DESCRIPTION OF THE TASK: Quote the whole listing word for word. Do not include the pictures.

RECORDED DATA:
::::::::
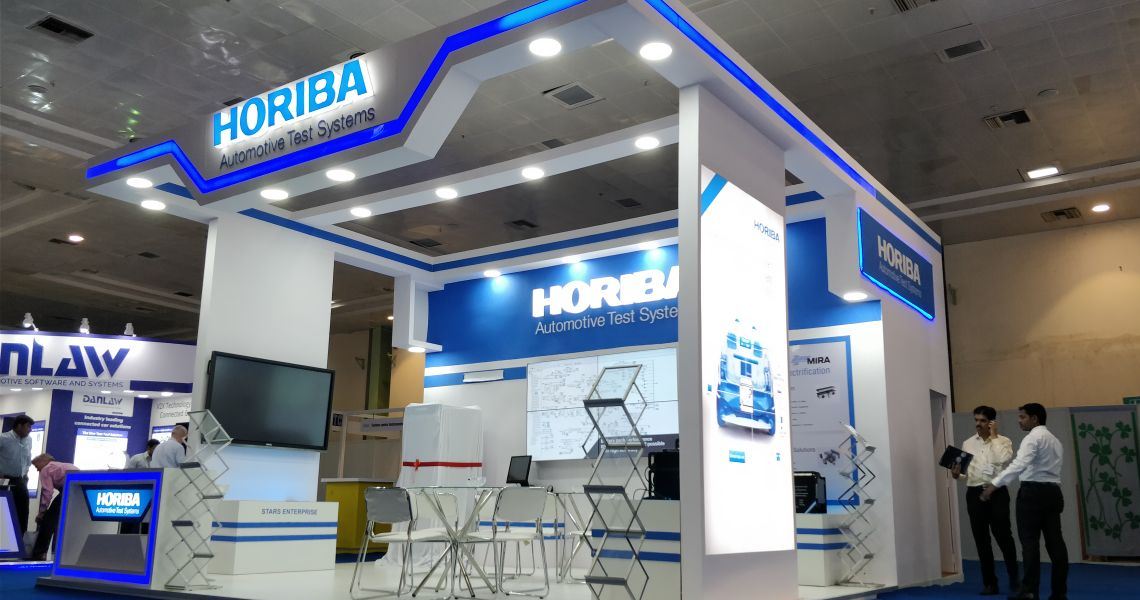 Horiba, Automotive Testing Expo, Chennai, 2018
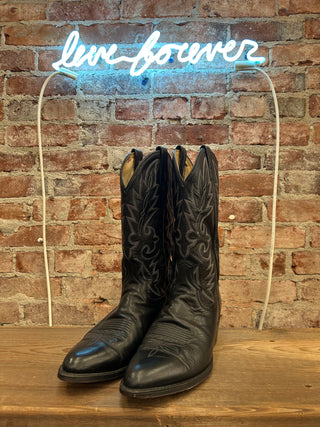 Dan Post Men’s Cowboy Boots Size 11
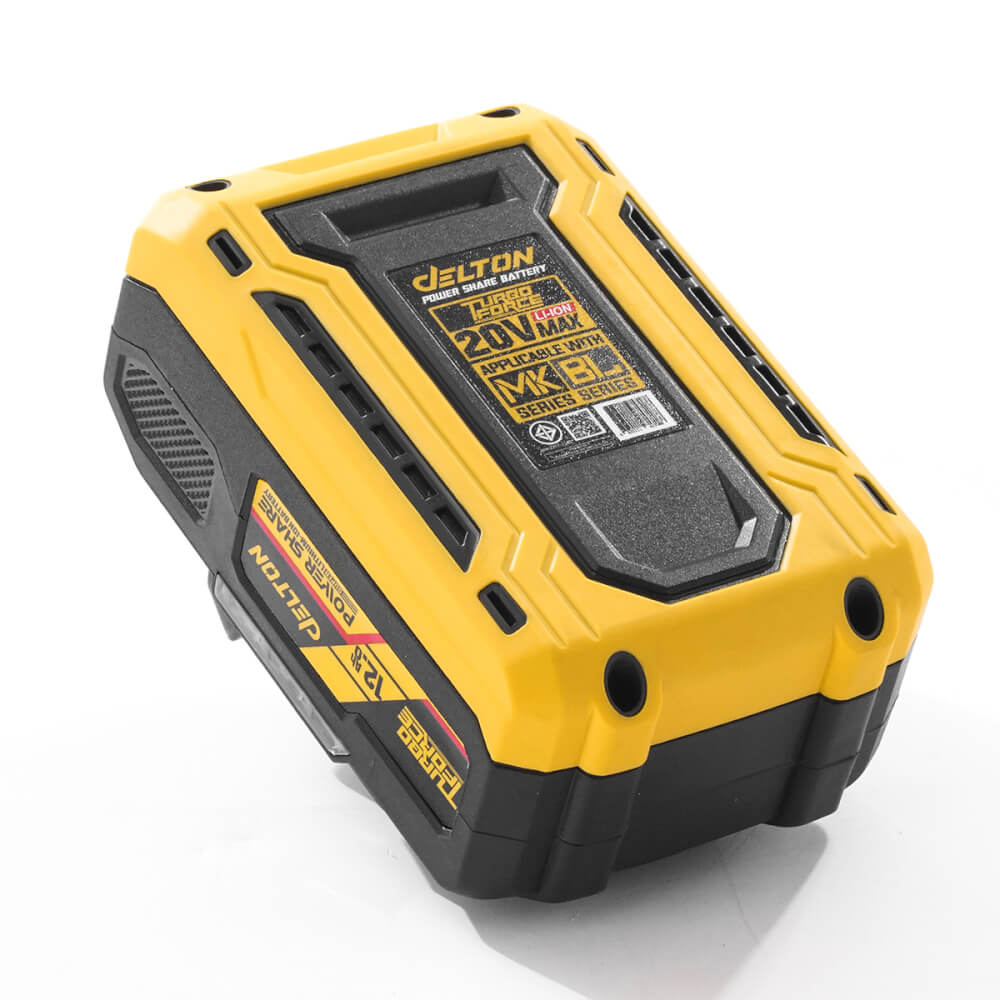 แบตเตอรี่ DELTON TURBO FORCE 20V 12AH_5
::::::::
EXERCISE RESPONSE:
 Horiba, Automotive Testing Expo, Chennai, 2018
 Dan Post Men’s Cowboy Boots Size 11
 แบตเตอรี่ DELTON TURBO FORCE 20V 12AH_5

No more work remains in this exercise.